Appena uscito in libreria, il volume «Roberto Benigni. Da Berlinguer ti voglio bene alla Divina Commedia, il percorso di un comico che si interroga su Dio» non ha mancato di suscitare subito interesse e curiosità.
Il libro analizza (senza pretendere di dare giudizi o di apporre etichette) il lavoro dell’artista toscano, il comico “nazionale”, cercando di evidenziare la sua ricorrente attenzione verso le tematiche religiose: Dio, Gesù, la Bibbia, la creazione, gli angeli e i diavoli, il giudizio universale, Maria. Perché in fondo la comicità e la poesia, attraverso la risata e il giocare con le parole, sono due modi distinti per dire ciò di cui si ha difficoltà a esprimere. Un percorso che attraversa tutti i film di Benigni, da Gesù Bambino di «Tu mi turbi» al Padre nostro recitato, per intero, da Attilio davanti alla moglie Vittoria, in fin di vita in un ospedale a Bagdad, nel film «La tigre e la neve», come viene evidenziato dal critico cinematografico Francesco Minnini nella prima parte della pubblicazione.

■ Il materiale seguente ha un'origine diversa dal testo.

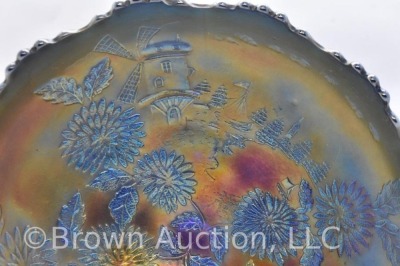 Fenton Carnival Glass Chrysanthemums and Windmills ftd. ice cream shape bowl - 4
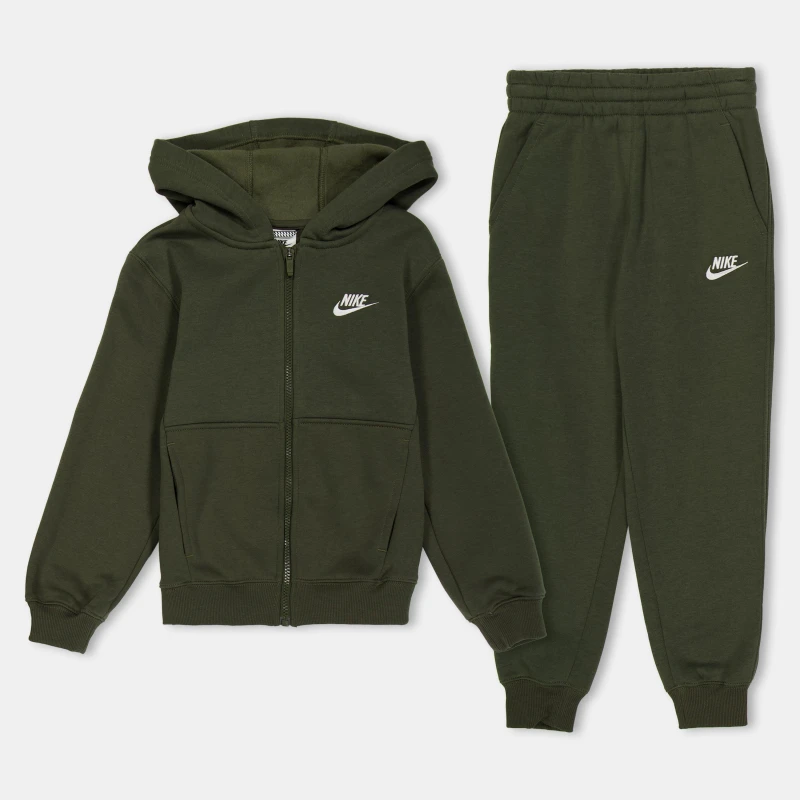 Image of Nike Fleece Tracksuit Junior Boys Khaki/White male 7-8 Yrs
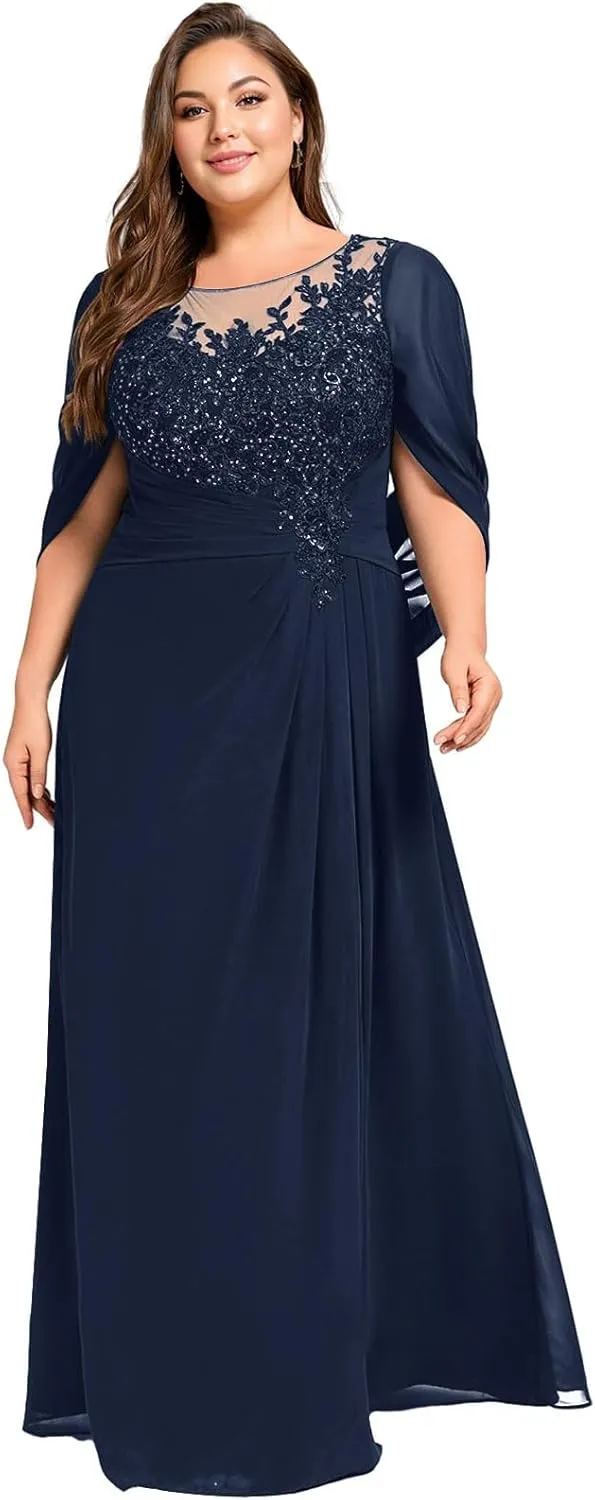 Mother of The Bride Dresses Pleated Sequins Plus Size Formal Evening Dress Lace Appliques Long Chiffon Evening Dress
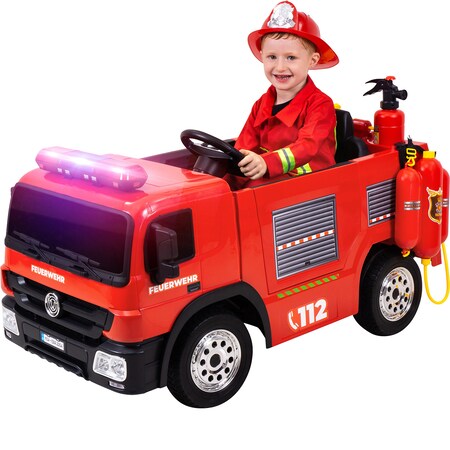 Kinder-Elektro-Feuerwehrauto SX1818, Spritze, Sirene, Blaulicht, 70 Watt,  Servolenkung, Bluetooth bei Marktkauf online bestellen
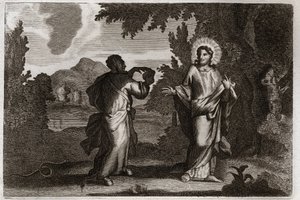 Royaumont Bible, New Testament: Jesus Christ in the desert. Jesus is driven into the desert. He fasts forty days and forty nights. He is tempted by the demon who invites him to turn stones into bread. Illustration from 1811. by Unknown artist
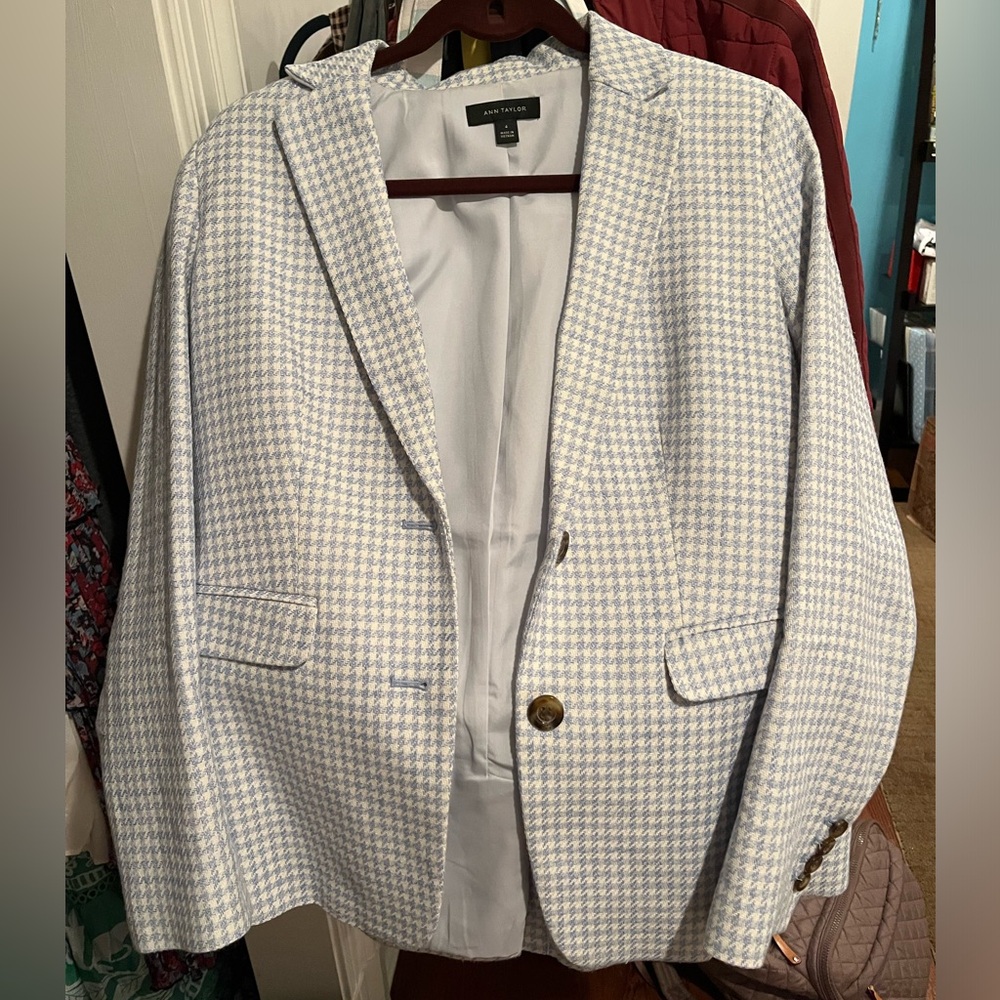 Ann Taylor Blue and White Plaid Blazer
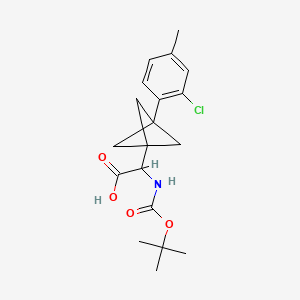 molecular formula C19H24ClNO4 B2905983 2-[3-(2-Chloro-4-methylphenyl)-1-bicyclo[1.1.1]pentanyl]-2-[(2-methylpropan-2-yl)oxycarbonylamino]acetic acid CAS No. 2287260-06-2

Nella seconda parte del volume approdano i grandi temi delle cantiche dantesche – il peccato, il perdono, la grazia, l’umano e il divino – sui quali si sofferma Andrea Bellandi osservando il Benigni lettore e commentatore della Divina Commedia. E forse anche grazie alle letture dell’artista toscano – ci suggerisce Bellandi – la Commedia è tornata a interessare un pubblico sempre più vasto e ha spinto molti ad approfondire gli aspetti più profondi e spirituali dell’esistenza. Il merito di Benigni è stato quello di essersi messo in gioco… e di aver giocato bene: sempre in bilico fra comicità e devozione alla parola scritta, non ha deluso i suoi fan che lo hanno amato nel «Piccolo Diavolo» o in «Johnny Stecchino», ma nemmeno gli appassionati del settore dantesco come filologi, letterati, intellettuali o anche ecclesiastici.
Chiude il volume un dialogo sulla poesia tra Benigni e il poeta Davide Rondoni e l’intervista al parroco di Vergaio, paese che ha visto crescere il piccolo Roberto.